The presence of 1.1 mm clumps and associated gas seen in high-dipole moment molecules such as CS and HCN suggests that the smallest mass that can become gravitationally unstable is comparable to the observed clump mass of 10³–10⁴ M_☉. The low rate of star formation in these clumps implies that fragmentation is suppressed in this environment, possibly by shear or large fluxes of energy and momentum from large scales to small.

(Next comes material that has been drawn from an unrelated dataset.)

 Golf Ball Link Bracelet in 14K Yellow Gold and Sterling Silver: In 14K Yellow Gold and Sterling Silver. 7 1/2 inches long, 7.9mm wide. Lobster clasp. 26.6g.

If cloud collisions and supersonic internal motions suppress star formation, the dissipation of even a small fraction of this energy must emerge as radiation, resulting in the excitation of fine structure cooling lines such as the 63 μm [O i], 157 μm [C ii], and 205 μm [N ii], or high-J lines of CO and OH. A substantial portion of the internal energy may also go into heating grains which would emerge as submillimeter continuum radiation. The Herschel Space Observatory may be able detect the resulting fluxes.

While such shocks may promote star formation in other environments such as in Sgr B2, they have failed to do so here. Perhaps the millimeter sources in Bania's Clump 2 are in an earlier, pre-stellar stage of evolution. Clumps could evolve to denser configurations capable of star formation in a few crossing times. Using a typical Galactic center cloud line width of ΔV = 20 km s⁻¹ for each clump, a clump with a radius of r = 1' (∼ 2.5 pc) will evolve on a time scale t ∼ 2R/ΔVf ∼ 2.5 × 10⁵f⁻¹ years where f (= 0.1–1) is the area-filling factor of gas in the clump. Thus, it is possible that we are seeing the Clump 2 objects in an early state of evolution and that they will become active star formers in the next few million years.

The Clump 2 complex has a diameter of about 0.5° (70 pc), implying R₂ ∼ 2.3 × 10²⁰ cm (25 pc), and a velocity extent of about 2V₂ = 200 km s⁻¹. The time scale on which the entire Clump 2 region should evolve is about t₂ ∼ 2R₂/ΔV₂f₂ ∼ 3.6 × 10⁵f⁻¹ years. Figure 19 implies an area-filling factor of about f₂∼ 0.1 for the 1.1 mm clumps, so the evolutionary time scale for the entire complex is a few Myr, comparable to evolutionary time scales of individual clumps. Both of these time scales are short compared to the ∼ 15 Myr orbital time scale at the projected separation between Sgr A* and Clump 2.